The term zero-trust security was coined in 2010, but the concept has become widespread within the IT security community only in the past couple of years.

Why zero-trust security matters

At first glance, it can be easy to dismiss zero-trust security as just another buzzword. After all, hasn’t the goal of any right-minded IT admin always been to avoid configuring resources in such a way that anyone can access them?

To a degree (especially insofar as public-facing or external network resources are concerned), this has been the case.

However, what makes the zero-trust security movement significant is that it emphasizes the importance of not trusting and not giving access privileges to everyone. That includes not just users or services that originate externally on the wilds of the Internet, but also internal users.

It’s the zero-trust policy toward known, internal, behind-the-firewall resources that makes zero-trust security a big deal. In the past, you would typically have assumed that anyone already on your network could be trusted, and that your firewall would effectively keep the bad guys out of the network.

Today, however, that approach no longer works. You can no longer hide behind your firewall, because perimeter-based security has ceased to work in the age of hybrid clouds, Bring-Your-Own-Device policies and dynamically configured network endpoints.

Nor can you assume that anyone who seems to be a network insider can be trusted. Some of the worst security attacks are initiated by insiders.
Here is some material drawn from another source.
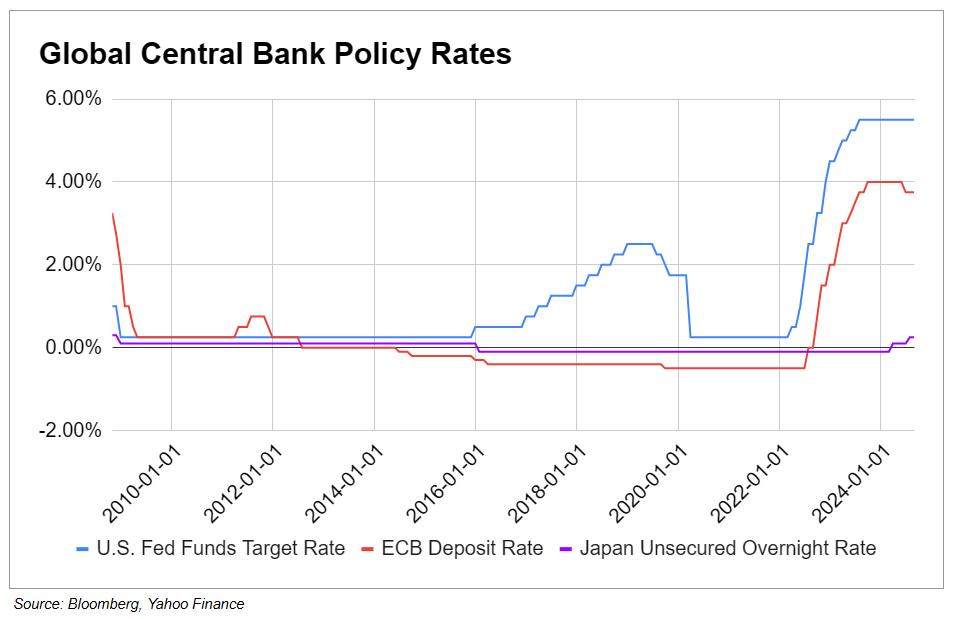 Global Central Bank Policy Rates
In short, then, zero-trust security is a way of evolving your security strategy to address the challenges of cloud-native computing.

Implementing zero-trust security

Zero-trust security is a philosophy, not a specific practice. The way you go about achieving zero-trust security will vary widely depending on which specific technologies you use, the architecture of your infrastructure, and so on.

However, following are some examples of simple steps you might take to enforce zero-trust security within your environment. These examples address a containerized environment in particular:

  • Don’t run containers as root. You probably already know that you should never run a container as root. But if you want to embrace zero-trust security, root-user containers are an absolute no-no.
  • Run each container as its own user. Consider running each container as a distinct (non-root) user. This strategy helps to isolate containers from each other and ensure that no two containers can trust one another because of a shared user account.
  • Configure data volumes so that no one can access them by default. You could do this by assigning group ownership of the volume to a GID to which no users belong by default. Then, when you know that a user is trusted, you can add that user to the group.
  • If you use Kubernetes, configure your pod security policies to disallow as many behaviors and actions as possible by default. Update your policy files to create exceptions only when you are sure it is secure to do so.

The bottom line: Zero-trust is not just another buzzword. It’s a valuable strategy for rethinking and reconfiguring the way you keep systems secure. Indeed, in today’s ultra-dynamic, perimeter-less world, zero-trust security is the only security posture that mitigates risks by default.